START Supplied data
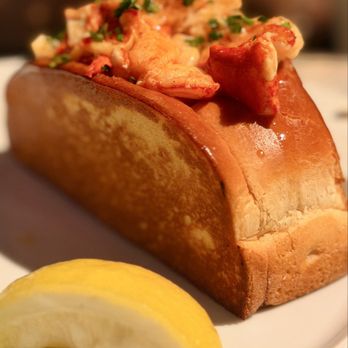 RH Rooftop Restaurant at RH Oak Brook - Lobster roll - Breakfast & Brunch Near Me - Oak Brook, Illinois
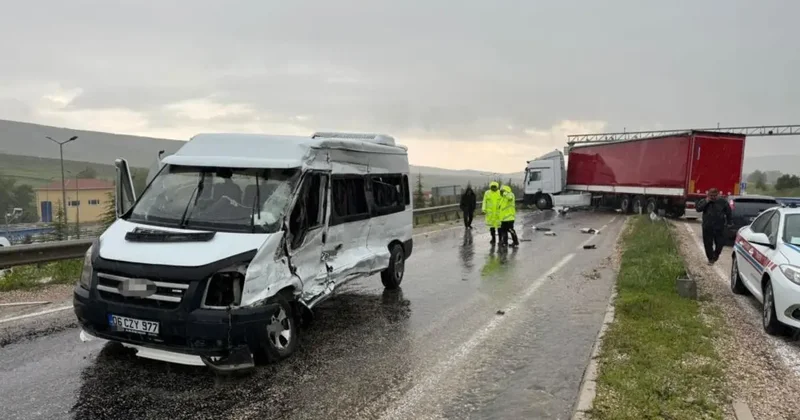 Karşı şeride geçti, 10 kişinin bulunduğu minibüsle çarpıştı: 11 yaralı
END Supplied data
START Supplied data
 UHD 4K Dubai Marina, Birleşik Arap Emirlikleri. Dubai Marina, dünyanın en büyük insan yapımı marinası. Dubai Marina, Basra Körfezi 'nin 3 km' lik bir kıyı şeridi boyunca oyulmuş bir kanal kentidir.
END Supplied data
START Supplied data
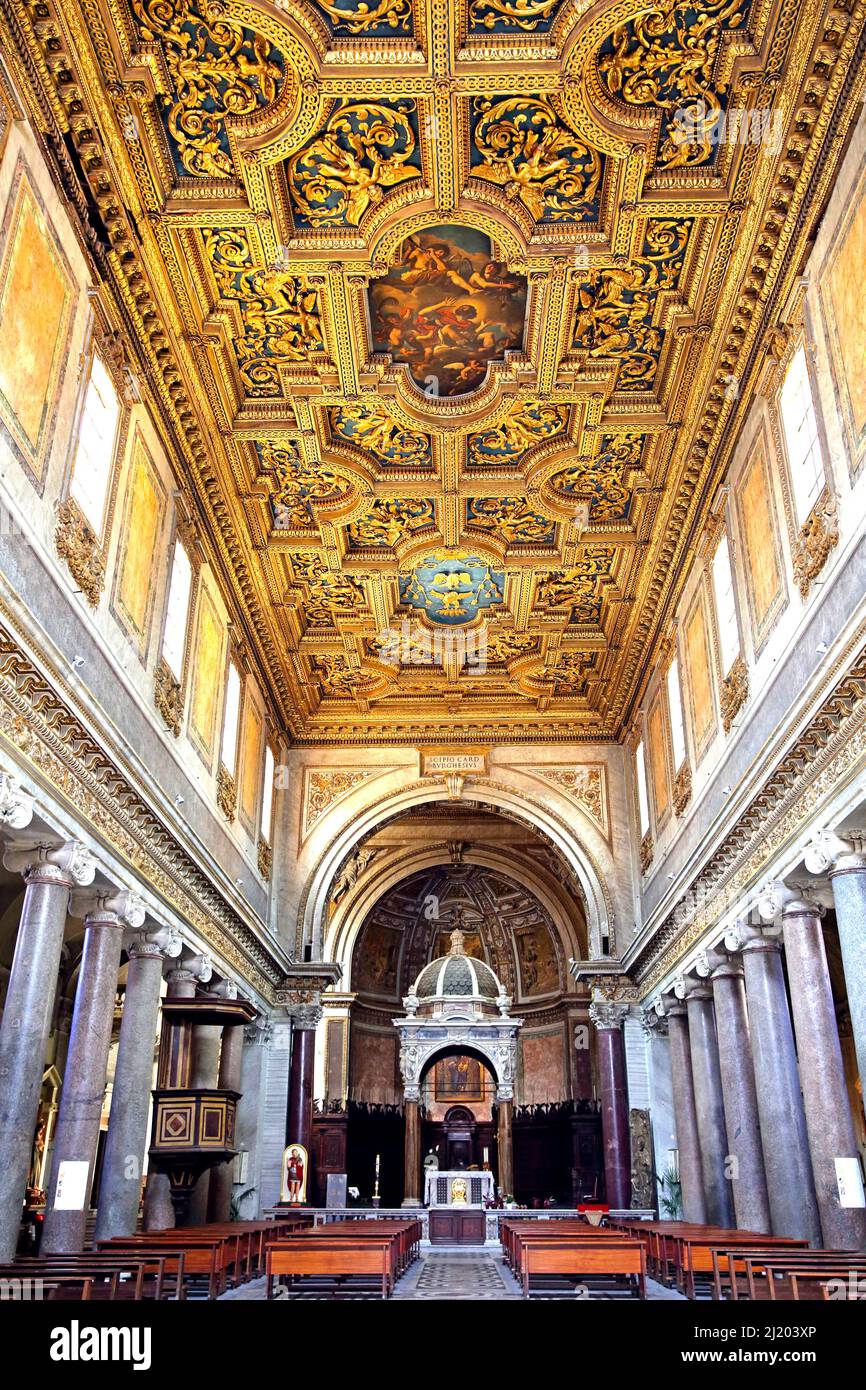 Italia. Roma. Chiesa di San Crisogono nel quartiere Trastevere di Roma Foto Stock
END Supplied data
Exercise
From the material above, output only the span of lines that starts at the one containing "RH Rooftop Restaurant" and finishes at the one containing "Karşı şeride geçti, 10", word for word and free of pictures.

Task answer
 RH Rooftop Restaurant at RH Oak Brook - Lobster roll - Breakfast & Brunch Near Me - Oak Brook, Illinois
 Karşı şeride geçti, 10 kişinin bulunduğu minibüsle çarpıştı: 11 yaralı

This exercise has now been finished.